In particular, they wanted to combine the search fields with x’s, to remove any particular criteria from the search. Before, we had made that a little bit more explicit with pills above the search results table to indicate the user’s search criteria. Their argument was that the pills had cluttered up the screen. 

I saluted their efforts, but brought up the idea that, though they had saved some space, they might have also made things more difficult to figure out. Will users see the x? Will they understand what it does? Will they get what is basically is now a modes issue?  Norman goes on to say that “simple appearance can make control more difficult, more arbitrary, require memorization, and be subject to multiple forms of error.”

I actually see this quite a bit. Another example is hiding controls – e.g., only showing them when the user mouses over them. Very subtle, minimal design is another favorite of designers. 

For the latter, I lay a lot of the blame on the Metro design style. That style makes quite a bit of the UI rather implicit. Can I click on this? Is this a header or a link? What does that icon mean? Is this supposed to be a tab? What happens if I mouse over here?

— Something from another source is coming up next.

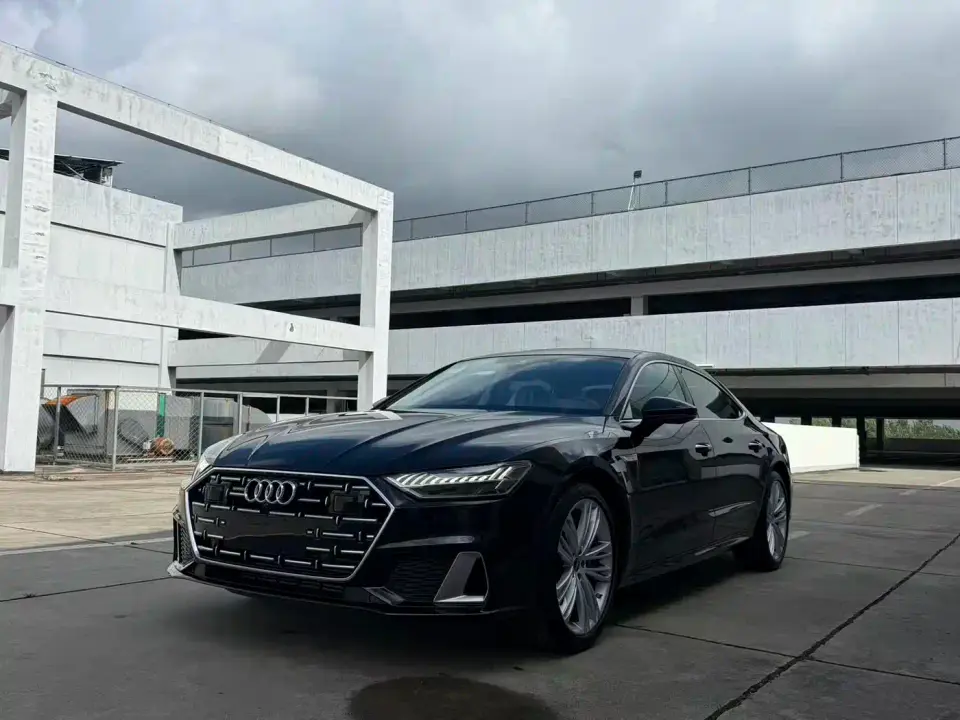 Audi A7L Model Year 45 TFSI quattro Premium 2026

To designers, though, it all just looks “sleek,” “elegant,” and “gorgeous.”

Whatever they happen to be coming up with, the designers I work with never quite seem to get my argument. That’s kind of ironic, as they love to talk about the idea of “affordance” (I think they may have picked that up from me). Unfortunately, I’m not quite sure they make the connection between the “clunky” things they are so busy getting rid of and the affordance that those things actually provide.